The lawyer told him that there were many financial advisors who would like to move but are not employed by a protocol-member firm. Likewise, he told him that there are advisors that have an excellent opportunity to move to a non-protocol firm. These financial advisors are not frozen in career purgatory. These financial advisors can move if they manage their movement risks. The lawyer reminded John that before the year 2004, there was no Protocol for Broker Recruiting and financial advisors moved all the time. They and their lawyers managed the litigation risk through good advice and planning. Advisers need to have an appreciation of the risks and legal climate that surrounds movement.

To his surprise, the lawyer told John that, by and large, the law favored movement and despised injunctions. John and his lawyer then discussed some of the risks and legal factors that favor a move. 

THE RISK AND COST OF AN INJUNCTION

The risk is not that an action for an injunction will be filed, but that an injunction will be entered. When you leave your old firm, you want to call all of your clients and have all of your clients move with you. The first two weeks are critical.
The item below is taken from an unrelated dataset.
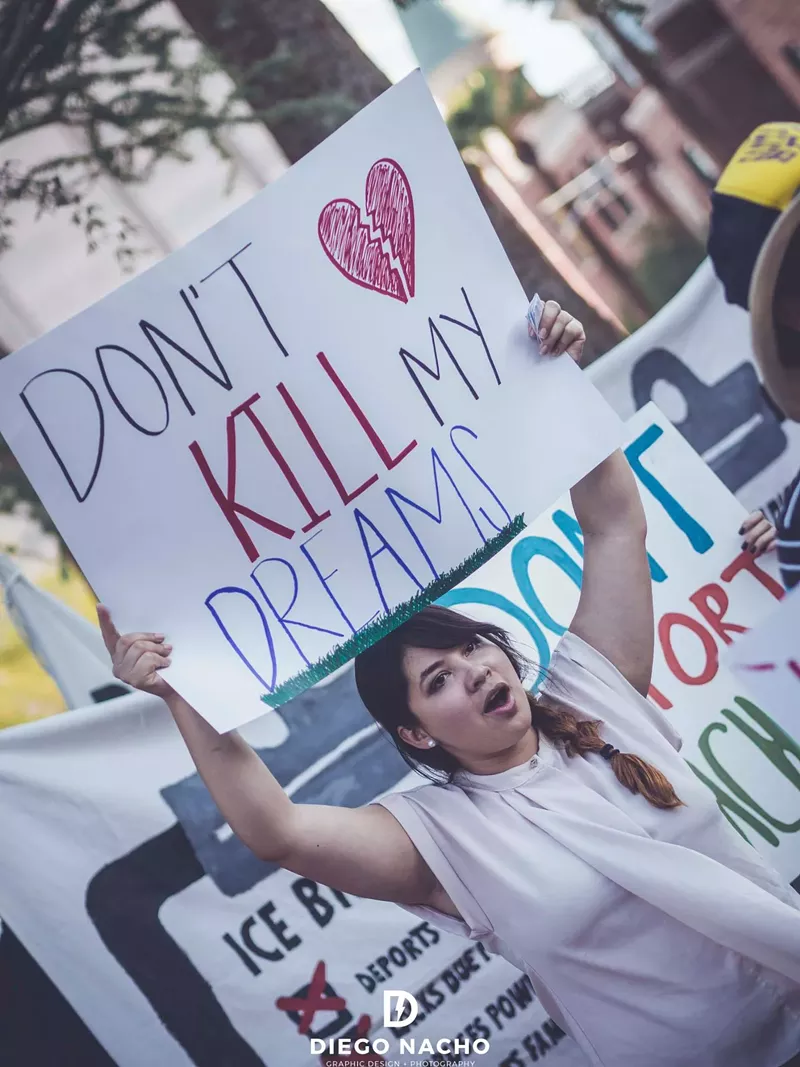 Image: Reyna Montoya protests the end of DACA in front of a local U.S. Immigration and Customs Enforcement building on Thursday, August 31.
Your old firm will want to stop or interfere with your solicitation efforts during this crucial time by filing for a temporary injunction. 

The first thing to do is find out from your new employer if they will pay your legal costs. Many will. Find out. If they won’t, find a very competent industry savvy lawyer and get an estimate. Use the estimate to determine if the move will be profitable by considering the probable percent of your clients that will come with you and stay for a reasonable time. Some folks use 80% for five years for example. If the numbers make sense, have your lawyer familiarize you with the process and your chances of avoiding an injunction. 

THE PROCESS FAVORS YOU

The process cuts in your favor. Your old firm can’t file an action against you for an injunction unless they simultaneously file a FINRA arbitration, FINRA Rule 13804 (a) (2). This lets your lawyer argue that the court should not act at all because FINRA will figure out if anything is wrong. Many courts are hesitant to act when there is an industry body like FINRA that has special expertise. If you draw a judge that takes this approach, you win. Even if you lose a temporary injunction hearing, FINRA must convene a panel to review the court’s order within 15 days, FINRA Rule 13804(b). This is helpful because FINRA panels usually dissolve the court injunction.

SOME INJUNCTIONS ARE PROHIBITED BY FINRA RULES

FINRA rule 2140 specifically precludes the following:

No member or person associated with the member shall interfere with a customer’s request to transfer his or her account in connection with the change in employee of the customer’s registered representative… Prohibited interference includes, but is not limited to, seeking a judicial order or decree that would bar or restrict the submission, delivery or acceptance of a written request from a customer to transfer his or her account.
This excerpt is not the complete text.